**What this task involves:**
A faithful retyping of every entry below is wanted, with images left out.

**Dataset records:**
::::
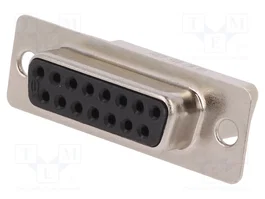 HARTING Connecteur D-Sub 15 broches femelle droit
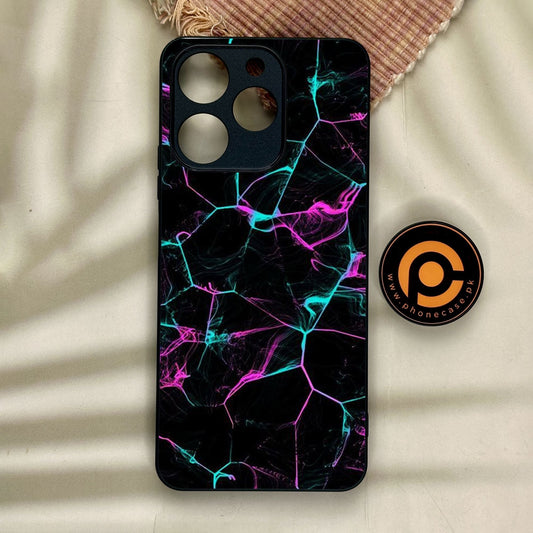 Realme Note 70 - Black Marble Design 9 - Premium Metal Printed Soft Bumper Shock Proof Case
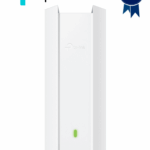 TP-LINK - EAP650-OUTDOOR / Punto de acceso WiFi 6 para interiores/exteriores AX3000/ 3Gbps de velocidad/ OFDMA y MU-MIMO/ Alimentación por POE 802.3at PoE+ y PoE pasivo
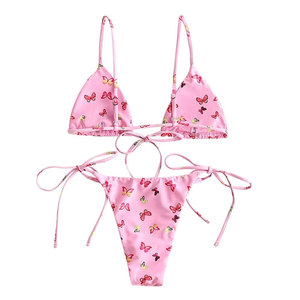 <b>Women</b>’s <b>Bikini</b> Beach Set 2 Piece Ruched Adjustable Strap Top and Matching <b>Shorts</b> for Custom Logo OEM ODM Manufacturer Wholesale - Product Image 2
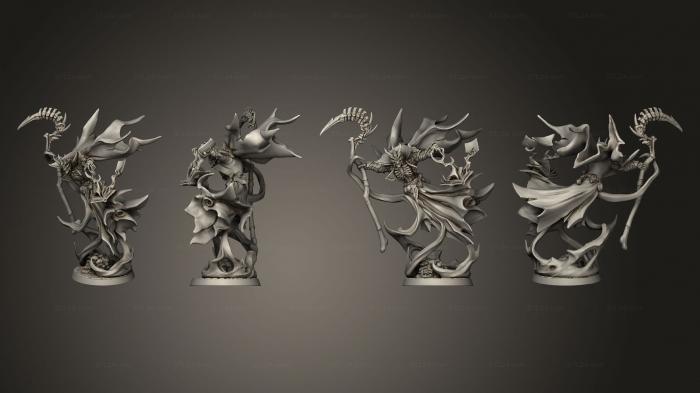 Military figurines (Skulkator the Lich, STKW_12731) 3D models for cnc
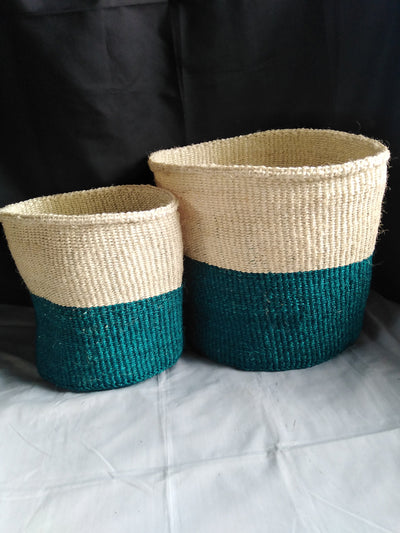 SALE. Wooven Planter Sisal Baskets set of 2. Easter personalised Flowers Baskets. Home Decor Decorative Kiondo Traditional Basket. Gift Mum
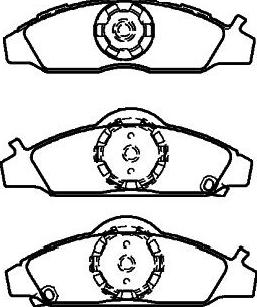 Pemebla P-721-1 - Комплект спирачно феродо, дискови спирачки vvparts.bg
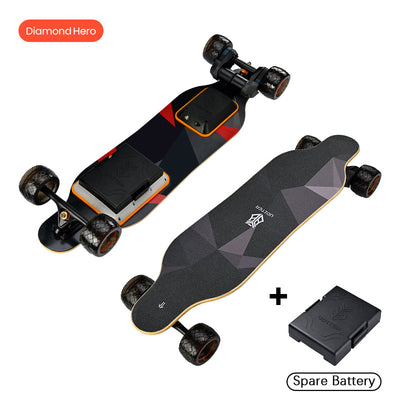 UDITER S3 Pro Long Range & Two Swappable Batteries Electric Skateboard (BELT)
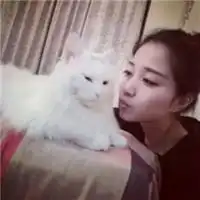 求这张图片的另一张谢了抱着猫咪的女生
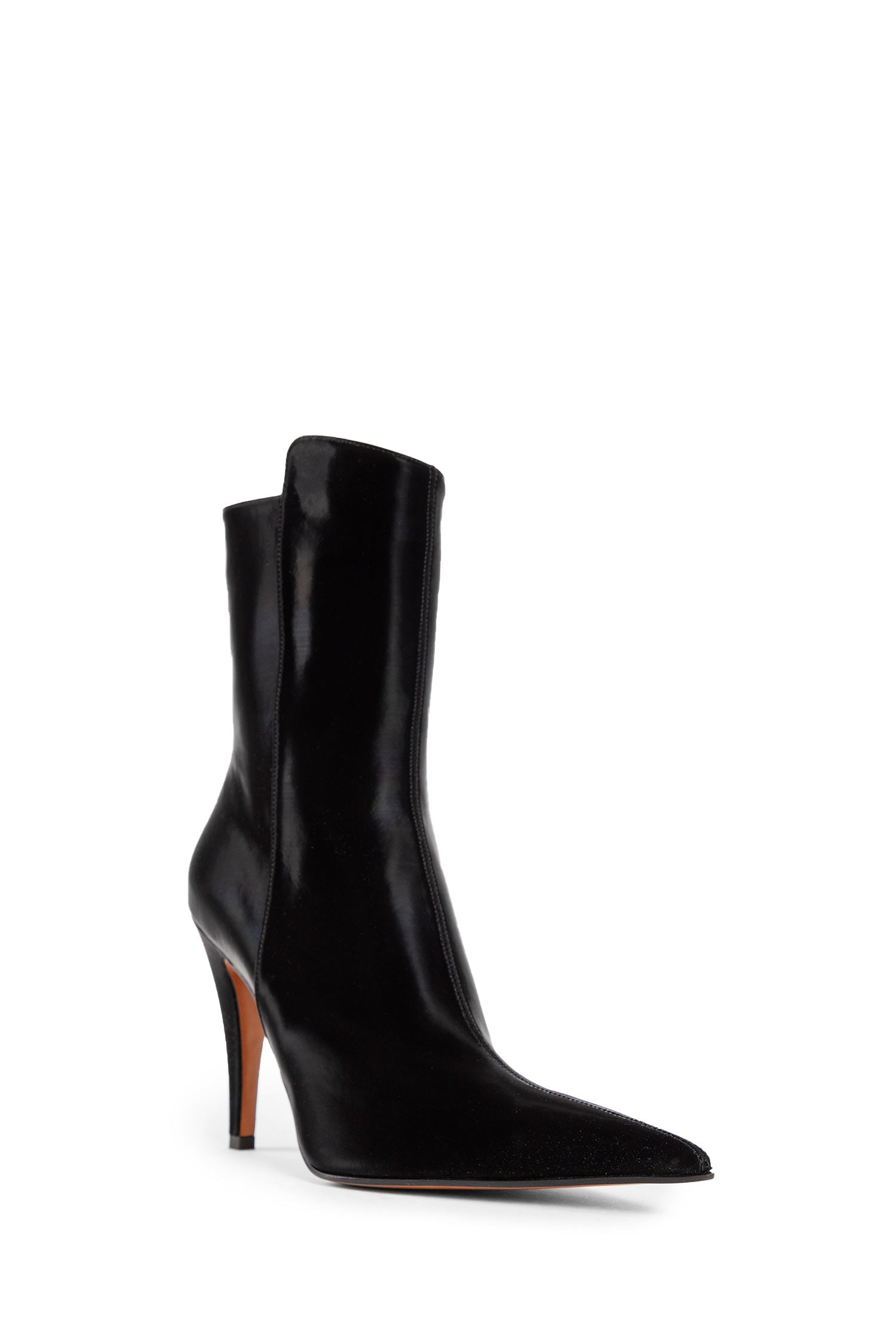 Antonioli ALEXANDER MCQUEEN WOMAN BLACK BOOTS Shopping Online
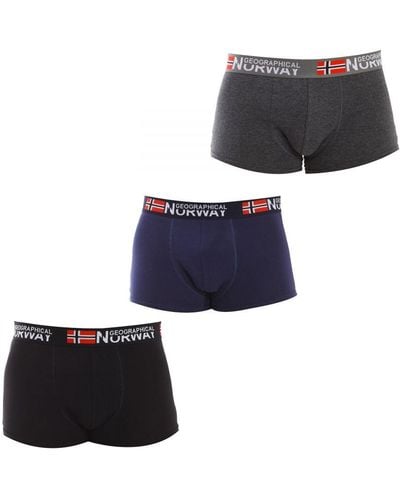 GEOGRAPHICAL NORWAY Pack-3 Boxers - Blue
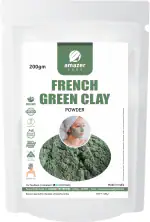 Amazercare French Green Clay Powder | Face Pack For Glowing Skin, Revitalizing & Rejuvenating (200Gm ) 100% Natural Face Pack for Acne / Oily Skin
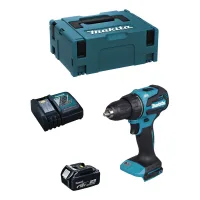 Taladro Atornillador Makita Ddf490rtj1 (1 X 5,0 Ah + Dc18rc + Makpac 2)
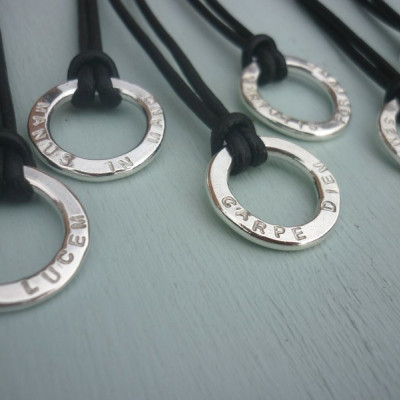 Unisex Silver Halo Necklace - Handcrafted & Custom-Made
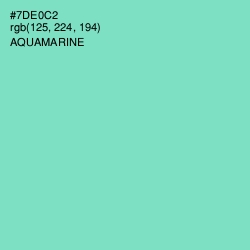 #7DE0C2 - Aquamarine Color Image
::::
**Result for this exercise:**
 HARTING Connecteur D-Sub 15 broches femelle droit
 Realme Note 70 - Black Marble Design 9 - Premium Metal Printed Soft Bumper Shock Proof Case
 TP-LINK - EAP650-OUTDOOR / Punto de acceso WiFi 6 para interiores/exteriores AX3000/ 3Gbps de velocidad/ OFDMA y MU-MIMO/ Alimentación por POE 802.3at PoE+ y PoE pasivo
 <b>Women</b>’s <b>Bikini</b> Beach Set 2 Piece Ruched Adjustable Strap Top and Matching <b>Shorts</b> for Custom Logo OEM ODM Manufacturer Wholesale - Product Image 2
 Military figurines (Skulkator the Lich, STKW_12731) 3D models for cnc
 SALE. Wooven Planter Sisal Baskets set of 2. Easter personalised Flowers Baskets. Home Decor Decorative Kiondo Traditional Basket. Gift Mum
 Pemebla P-721-1 - Комплект спирачно феродо, дискови спирачки vvparts.bg
 UDITER S3 Pro Long Range & Two Swappable Batteries Electric Skateboard (BELT)
 求这张图片的另一张谢了抱着猫咪的女生
 Antonioli ALEXANDER MCQUEEN WOMAN BLACK BOOTS Shopping Online
 GEOGRAPHICAL NORWAY Pack-3 Boxers - Blue
 Amazercare French Green Clay Powder | Face Pack For Glowing Skin, Revitalizing & Rejuvenating (200Gm ) 100% Natural Face Pack for Acne / Oily Skin
 Taladro Atornillador Makita Ddf490rtj1 (1 X 5,0 Ah + Dc18rc + Makpac 2)
 Unisex Silver Halo Necklace - Handcrafted & Custom-Made
 #7DE0C2 - Aquamarine Color Image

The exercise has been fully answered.